U.S. Justice Department seeks sale of Google Chrome to curb monopoly

In a court filing Wednesday, antitrust enforcers said Google must divest Chrome

The U.S. Justice Department and a group of states proposed major changes to Alphabet Inc.’s Google — including a forced sale of the company’s Chrome web browser — after a landmark ruling that the tech giant illegally monopolized online search.

In a court filing Wednesday, antitrust enforcers said Google must divest Chrome, citing the judge’s earlier ruling that the browser “fortified” the company’s dominance. The agency and states said that they would also prefer a divestiture of the Android smartphone operating system. But, recognizing that Google and others might oppose that, they instead proposed a series of limits on the business unit.

The government recommended the Chrome divestiture to “permanently stop Google’s control of this critical search access point and allow rival search engines the ability to access the browser that for many users is a gateway to the internet,” according to the filing.

Bloomberg News earlier reported on the Justice Department’s intention to seek a Chrome sale. Google’s shares were down 5.5% at 10:14 a.m. in New York at $166.29.

Google said the DOJ’s proposal would harm Americans’ privacy and security, stymie Google’s investments in artificial intelligence and hurt companies like Mozilla, which depends on revenue Google pays to make its search engine the default option in the Firefox browser.

“DOJ’s wildly overbroad proposal goes miles beyond the Court’s decision. It would break a range of Google products — even beyond Search — that people love and find helpful in their everyday lives,” Kent Walker, the company’s chief legal officer, wrote in a statement on the company’s website.

The filing outlined a 10-year remedy proposal for US District Judge Amit Mehta, who will decide how to restore lost competition from Google’s illegal conduct following a hearing next spring. At the end of the process, the judge will order Google to make the changes to its business he determines are appropriate.

The proposal would prohibit Google from entering into the kind of exclusive deals at the center of the case — where it paid to ensure its search engine was the pre-installed default on devices or browsers. For its existing agreements, the company would be required to offer smartphone makers and wireless carriers the option to display a choice screen to users.

The Justice Department and states also said that Google should be required to license both its underlying “click and query” data as well as its search results to potential rivals to help them improve their products. As part of that license, Google must include all content from its own properties, such as YouTube, that it includes in its own search offering.

A five-member technical committee would be appointed to oversee Google’s compliance with the court order.

Mehta ruled this summer that Google broke antitrust laws in both online search and search text ads markets. Wednesday’s filing is the government’s first full proposal on how to alleviate the harm caused by Google’s illegal monopoly. It filed an outline in October, giving some initial views on possible remedy options.

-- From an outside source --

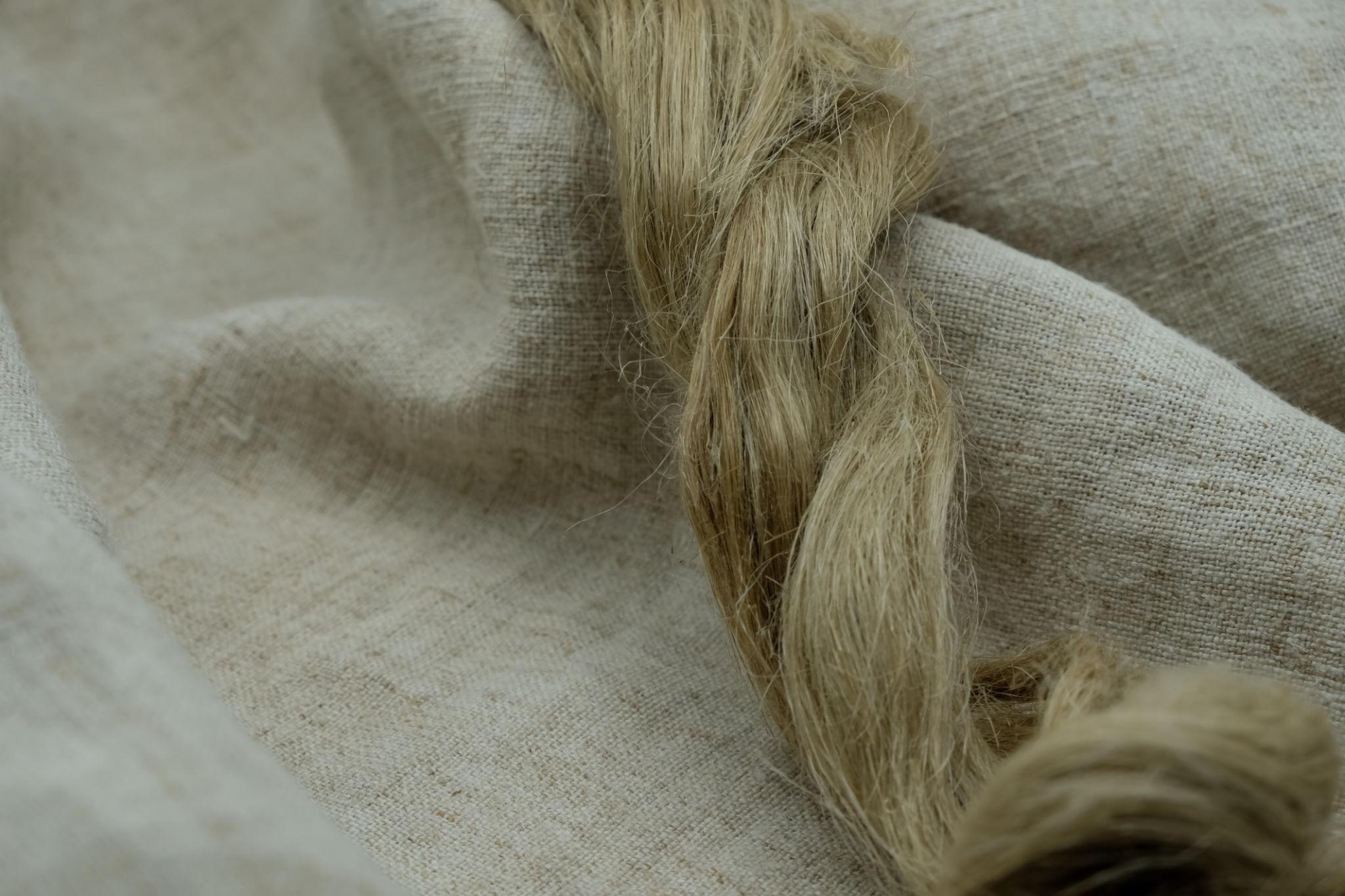 MODĂ SUSTENABILĂ · TEXTILE NATURALE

The company will have the chance to submit its own views next month, with the Justice Department offering additional perspective in March ahead of a planned two-week hearing in April. The Trump administration, which is set to take office in January, could opt to make changes to the proposed injunction in March.

AI Limits

The Justice Department proposed some limits on Google related to AI, saying the burgeoning field provides “the most likely long-term path for a new generation of search competitors.”

The proposal would sharply curtail Google’s potential dealmaking and investments, barring it from acquiring, investing in or collaborating in any way with any search or digital ad providers. That also applies to any company that controls where consumers search for information, the agency said, including query-based AI products.

If approved, the government’s request would require Google to divest from any existing partnerships — a provision that may call into question the search giant’s investment in AI startup Anthropic.

Under the proposal, the company also would be prohibited from offering exclusive deals to content providers. The DOJ is reserving the option to force a divestiture of Android later, if Google does not comply with the rest of the ruling.

At Google’s trial last year, Microsoft Corp. Chief Executive Officer Satya Nadella raised the specter of Google locking up key websites and content sources for its exclusive use to train AI models. In the time since, AI companies have been snapping up licensing deals to feed their models more content. Reddit Inc. said in February that it had inked more than $200 million in licensing deals with AI companies that want to use its content.